The Ontology *is* the Business

Admit it. Lots of you recoil a little bit when I wander off into discussions of ontology. It sounds so academic, so far from the practical. Maybe someone down in the trenches has to think about ontology, but surely it is not a business interest.

This is exactly wrong. Ontology is discovering the meaning in facts. Ontology is what gets discussed in the executive suite. Ontology is what is going to turn the meaningless details of building systems into new services, new money machines. Ontology is what turns process into service.

By example, consider accounting. At the low end there are clerks and bookkeepers. Their concerns are in properly classifying each event. Assign a name to each number, and make sure they balance. The math is trivial; the problems of introductory accounting are semantic problems of classification. Bookkeeping is never strategic. We use it to keep score. No one wants to be told what to do by the bean counters.

Bookkeeping turns into accounting when it begins to be used for making decisions. There can be several ways to do cost accounting to understand the problems of manufacture or of construction.. Financial ratios normalizes the books so you can compare the prospects of different businesses. The focus of accounting move from what ledger to put each item on to how do I understand the business.

Accounting grows from bookkeeping when we need ontologies created from the underlying semantics. (Well, or when we need a compliance framework, but I feel that is actually similar.) ERP establishes a common ontological framework for all the activities of an enterprise. The primary purpose of today’s sophisticated business software is ultimately ontological processing of the underlying process oriented semantic information.

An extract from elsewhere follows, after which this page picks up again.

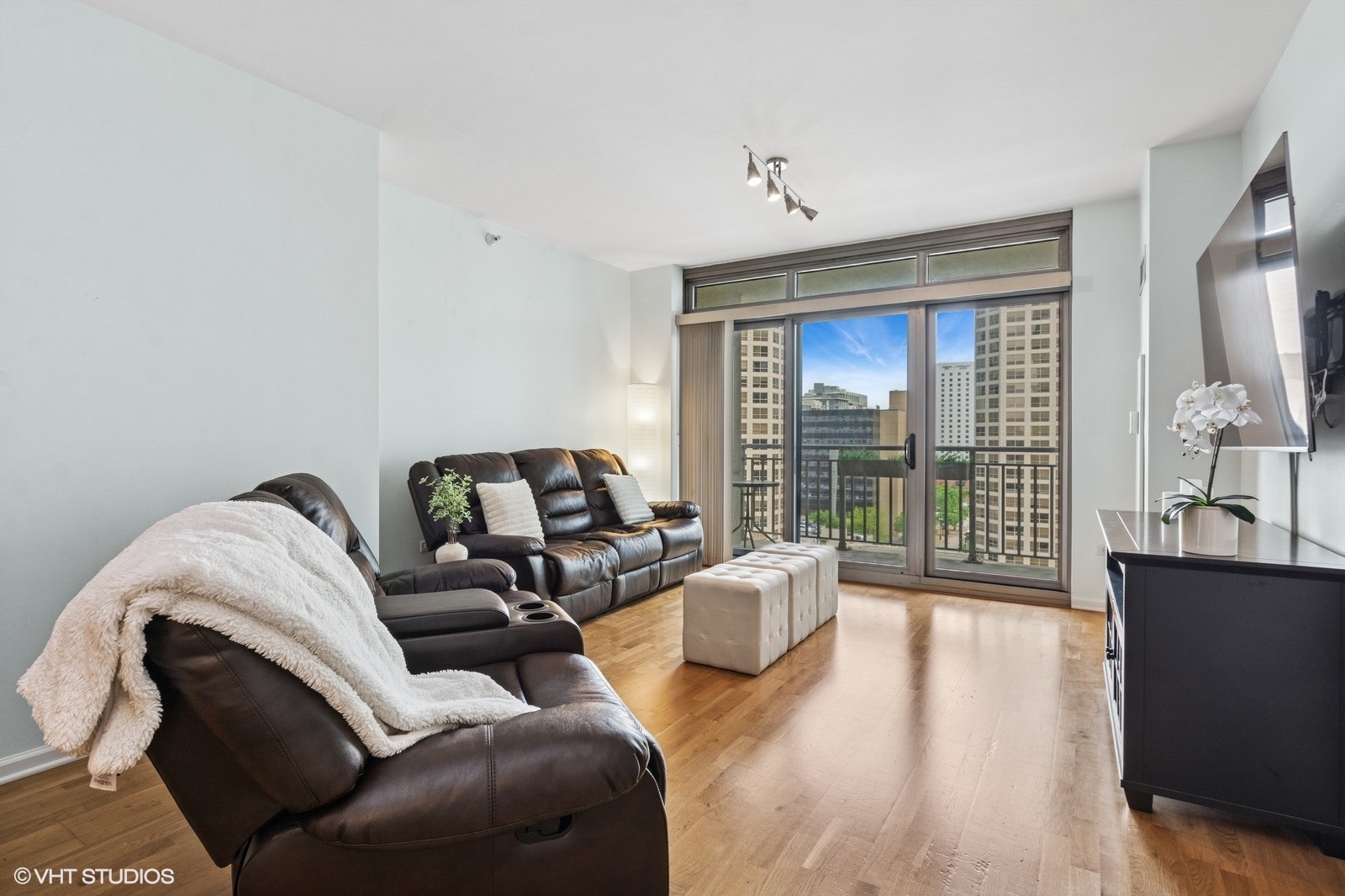 125 S Jefferson Street, Unit #1103, Chicago, IL 60661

This observation is allied with the truism that it is very difficult to apply a service oriented architecture to a procedure oriented enterprise, while it is straightforward to do so to a service oriented enterprise. Colleges and Universities often represent the quintessential procedure oriented enterprise, with little regard for outcomes and a slavish devotion to their pieces of paper and the processes they represent. You may remember how easy they are to work with.

Building systems are, for the most point, struggling upward to get to semantics. We know how to describe the low level actions. oBIX has provided a base syntax for semantic expansion, but does not yet provide all the nouns. Progress has been made. Yet even if we get fully fleshed out semantics for building systems, we will still not be at the right level for enterprise interaction.

Enterprise programmers cannot have a fruitful conversation with the inner processes of the building systems, no matter how semantically complete. As I believe these processes will more and more be self tuning and self managing, neither will anyone else except during configuration.

Large-scale integration and wide-scale integration, in which many systems are integrated and each system agent responds to many other actors, will require to conversations of two sorts. Enterprise programmers need to be able to specify the service they desire, and the price they are willing to pay for it. Building systems need to accept the terms, and be able to provide quality of service (QOS) or conformance information back.

And for that, we need an ontology of building service performance.